Indoor air may seem innocuous, but it can actually breed contaminants and harmful gases. If you or your family suffers from headaches, allergies or fatigue, your indoor air quality may be to blame.
How Air Quality Impacts Health
The connection between outdoor air quality and health is well known, but not as much attention is played to indoor air quality. However, the average person spends about 90 percent of his or her time breathing indoor air. With such a high figure, it’s imperative to monitor and control the quality if your indoor air.
Health effects associated with poor indoor air quality include:
- Upper respiratory congestion
- Irritation of eyes, nose, skin and throat
These effects can occur in both residential and commercial spaces. When they occur in a commercial space, the symptoms are attributed to “sick building syndrome,” which simply refers to symptoms experienced by a large number of people inside a building. If you, your family or your coworkers have symptoms that alleviate when you leave the building and return when you step back inside, the symptoms may be caused by the indoor air.

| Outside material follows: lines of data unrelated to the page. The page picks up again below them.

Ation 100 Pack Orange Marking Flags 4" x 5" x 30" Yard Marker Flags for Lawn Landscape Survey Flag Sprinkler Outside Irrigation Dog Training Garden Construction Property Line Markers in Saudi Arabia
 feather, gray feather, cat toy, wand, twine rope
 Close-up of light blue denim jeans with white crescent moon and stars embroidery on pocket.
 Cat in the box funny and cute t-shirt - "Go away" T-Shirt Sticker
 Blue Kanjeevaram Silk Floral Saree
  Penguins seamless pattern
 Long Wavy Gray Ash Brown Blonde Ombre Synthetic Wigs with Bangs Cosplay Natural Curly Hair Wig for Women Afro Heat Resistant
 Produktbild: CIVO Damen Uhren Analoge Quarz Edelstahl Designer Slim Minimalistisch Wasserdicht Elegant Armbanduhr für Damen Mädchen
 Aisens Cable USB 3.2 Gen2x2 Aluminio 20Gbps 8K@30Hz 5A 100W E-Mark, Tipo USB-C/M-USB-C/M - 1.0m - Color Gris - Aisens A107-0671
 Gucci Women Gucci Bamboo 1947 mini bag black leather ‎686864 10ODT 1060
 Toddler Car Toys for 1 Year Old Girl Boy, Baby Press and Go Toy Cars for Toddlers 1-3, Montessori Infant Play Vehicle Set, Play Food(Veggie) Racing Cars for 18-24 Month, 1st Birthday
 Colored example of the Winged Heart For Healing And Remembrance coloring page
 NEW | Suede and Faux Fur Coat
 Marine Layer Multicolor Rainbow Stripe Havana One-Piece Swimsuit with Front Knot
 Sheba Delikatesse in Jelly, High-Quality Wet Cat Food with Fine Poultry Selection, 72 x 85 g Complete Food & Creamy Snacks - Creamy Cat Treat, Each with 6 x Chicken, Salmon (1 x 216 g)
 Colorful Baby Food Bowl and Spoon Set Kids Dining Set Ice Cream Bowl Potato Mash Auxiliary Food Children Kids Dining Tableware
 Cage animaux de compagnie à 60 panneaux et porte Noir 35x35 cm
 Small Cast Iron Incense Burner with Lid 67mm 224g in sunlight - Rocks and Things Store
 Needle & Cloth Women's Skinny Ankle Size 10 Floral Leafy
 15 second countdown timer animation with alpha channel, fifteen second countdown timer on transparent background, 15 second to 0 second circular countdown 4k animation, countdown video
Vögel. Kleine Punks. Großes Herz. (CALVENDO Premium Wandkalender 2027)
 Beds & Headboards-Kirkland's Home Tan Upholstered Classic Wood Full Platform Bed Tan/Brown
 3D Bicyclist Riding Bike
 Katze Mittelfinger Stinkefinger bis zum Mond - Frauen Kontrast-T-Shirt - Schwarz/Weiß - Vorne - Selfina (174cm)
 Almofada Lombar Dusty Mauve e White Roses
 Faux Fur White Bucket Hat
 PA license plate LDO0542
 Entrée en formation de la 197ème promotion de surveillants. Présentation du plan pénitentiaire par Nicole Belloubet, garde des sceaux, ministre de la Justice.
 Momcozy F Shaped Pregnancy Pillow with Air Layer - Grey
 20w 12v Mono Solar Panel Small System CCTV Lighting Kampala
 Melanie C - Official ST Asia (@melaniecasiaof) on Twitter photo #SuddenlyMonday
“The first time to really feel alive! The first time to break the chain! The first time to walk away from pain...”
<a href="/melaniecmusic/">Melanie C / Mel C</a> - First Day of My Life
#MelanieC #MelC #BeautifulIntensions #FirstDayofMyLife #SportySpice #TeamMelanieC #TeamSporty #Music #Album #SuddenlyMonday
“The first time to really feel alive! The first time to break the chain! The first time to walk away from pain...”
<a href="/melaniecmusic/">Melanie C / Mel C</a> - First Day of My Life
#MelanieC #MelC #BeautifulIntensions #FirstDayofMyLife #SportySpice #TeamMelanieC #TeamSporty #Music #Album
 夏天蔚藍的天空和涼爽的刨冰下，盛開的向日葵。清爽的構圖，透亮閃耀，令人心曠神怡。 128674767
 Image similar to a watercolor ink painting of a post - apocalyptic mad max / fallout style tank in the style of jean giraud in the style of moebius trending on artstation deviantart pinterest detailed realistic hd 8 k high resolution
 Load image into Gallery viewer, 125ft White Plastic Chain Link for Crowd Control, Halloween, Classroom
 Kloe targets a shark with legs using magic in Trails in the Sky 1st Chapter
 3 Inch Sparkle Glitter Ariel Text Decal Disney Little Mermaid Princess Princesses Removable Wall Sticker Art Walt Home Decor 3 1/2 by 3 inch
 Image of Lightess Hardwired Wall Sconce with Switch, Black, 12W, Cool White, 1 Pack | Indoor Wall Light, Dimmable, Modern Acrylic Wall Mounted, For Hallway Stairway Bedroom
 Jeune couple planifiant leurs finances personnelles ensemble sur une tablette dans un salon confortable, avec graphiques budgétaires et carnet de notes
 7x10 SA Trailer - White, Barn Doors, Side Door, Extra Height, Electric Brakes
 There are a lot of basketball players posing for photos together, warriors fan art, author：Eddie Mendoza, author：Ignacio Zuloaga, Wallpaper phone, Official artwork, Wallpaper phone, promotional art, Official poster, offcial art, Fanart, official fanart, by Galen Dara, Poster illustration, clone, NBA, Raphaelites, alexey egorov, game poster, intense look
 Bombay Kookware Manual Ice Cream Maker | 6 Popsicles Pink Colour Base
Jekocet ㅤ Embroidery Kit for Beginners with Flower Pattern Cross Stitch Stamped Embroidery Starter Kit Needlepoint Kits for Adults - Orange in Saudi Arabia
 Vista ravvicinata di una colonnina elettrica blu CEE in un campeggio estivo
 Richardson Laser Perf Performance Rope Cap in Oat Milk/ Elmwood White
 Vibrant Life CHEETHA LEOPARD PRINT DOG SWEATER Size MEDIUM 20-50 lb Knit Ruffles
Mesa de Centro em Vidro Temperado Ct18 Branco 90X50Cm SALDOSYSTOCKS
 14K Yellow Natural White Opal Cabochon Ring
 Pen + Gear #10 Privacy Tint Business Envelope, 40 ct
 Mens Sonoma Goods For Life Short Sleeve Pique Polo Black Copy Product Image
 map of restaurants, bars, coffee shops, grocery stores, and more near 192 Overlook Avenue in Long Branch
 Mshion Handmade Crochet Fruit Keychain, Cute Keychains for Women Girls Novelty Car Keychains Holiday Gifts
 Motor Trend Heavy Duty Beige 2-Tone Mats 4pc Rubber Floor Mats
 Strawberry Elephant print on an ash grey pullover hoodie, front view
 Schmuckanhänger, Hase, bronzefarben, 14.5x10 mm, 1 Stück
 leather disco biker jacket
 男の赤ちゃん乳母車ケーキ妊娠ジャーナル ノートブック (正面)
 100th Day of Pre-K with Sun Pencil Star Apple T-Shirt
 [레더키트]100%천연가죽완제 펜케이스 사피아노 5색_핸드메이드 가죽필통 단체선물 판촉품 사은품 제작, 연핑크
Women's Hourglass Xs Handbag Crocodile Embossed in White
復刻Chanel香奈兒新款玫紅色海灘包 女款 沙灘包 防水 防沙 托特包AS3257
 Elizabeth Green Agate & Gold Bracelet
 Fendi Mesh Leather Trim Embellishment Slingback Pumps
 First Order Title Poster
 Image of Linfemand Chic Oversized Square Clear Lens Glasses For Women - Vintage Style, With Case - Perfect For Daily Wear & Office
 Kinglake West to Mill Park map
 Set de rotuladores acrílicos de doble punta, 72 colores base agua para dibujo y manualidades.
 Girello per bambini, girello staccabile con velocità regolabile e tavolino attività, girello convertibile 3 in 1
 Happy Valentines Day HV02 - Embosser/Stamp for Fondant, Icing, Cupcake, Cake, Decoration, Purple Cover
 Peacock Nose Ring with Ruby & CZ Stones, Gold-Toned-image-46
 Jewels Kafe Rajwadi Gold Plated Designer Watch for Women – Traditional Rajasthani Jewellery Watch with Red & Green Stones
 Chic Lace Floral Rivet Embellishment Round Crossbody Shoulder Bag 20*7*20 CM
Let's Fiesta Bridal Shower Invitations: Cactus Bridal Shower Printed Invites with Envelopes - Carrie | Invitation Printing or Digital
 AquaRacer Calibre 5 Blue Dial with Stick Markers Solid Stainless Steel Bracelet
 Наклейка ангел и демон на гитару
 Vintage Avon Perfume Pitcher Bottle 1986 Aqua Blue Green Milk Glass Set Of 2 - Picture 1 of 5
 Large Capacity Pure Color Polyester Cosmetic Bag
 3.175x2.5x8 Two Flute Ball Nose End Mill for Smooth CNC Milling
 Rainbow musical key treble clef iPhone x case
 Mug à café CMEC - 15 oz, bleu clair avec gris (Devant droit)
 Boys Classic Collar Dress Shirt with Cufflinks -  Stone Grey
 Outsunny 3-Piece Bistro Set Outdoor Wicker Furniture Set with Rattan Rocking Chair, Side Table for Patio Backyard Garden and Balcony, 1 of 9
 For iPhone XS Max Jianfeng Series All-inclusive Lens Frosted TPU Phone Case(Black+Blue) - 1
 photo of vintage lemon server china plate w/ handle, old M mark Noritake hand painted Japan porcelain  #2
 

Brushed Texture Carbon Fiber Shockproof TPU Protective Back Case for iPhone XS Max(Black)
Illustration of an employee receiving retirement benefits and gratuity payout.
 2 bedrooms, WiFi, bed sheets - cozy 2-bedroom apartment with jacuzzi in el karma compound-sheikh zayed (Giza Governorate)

What Causes Poor Air Quality
There are a number of factors that cause poor indoor air quality, including:
- Poor or inadequate ventilation
- Airborne and chemical pollutants
- Unsuitable temperature or humidity
- Ozone emissions from photocopiers and printers
- High concentrations of TVOCs (total volatile organic compounds)
- Pollution from external sources
Your HVAC system also contributes to the quality of your indoor air. In fact, it is estimated that 70 percent of air quality problems can be traced to the operation and maintenance of HVAC systems.
How to Improve Indoor Air Quality
There are certain steps you can take to monitor and improve the quality of your indoor air. Get your HVAC system cleaned professionally on a regular basis. This helps prevent dirt and dust from accumulating inside the system. Replace the air filter each month so particulates are properly trapped and removed. You might also want to install a UV (ultraviolet) lamp, which works to neutralize forms of microbial growth before they spread through your home. Lastly, a continuous monitoring instrument can detect gases and compounds that affect IAQ (indoor air quality), including carbon monoxide, carbon dioxide and methane. These steps can help improve the quality of your indoor air and subsequently the health of you and your family.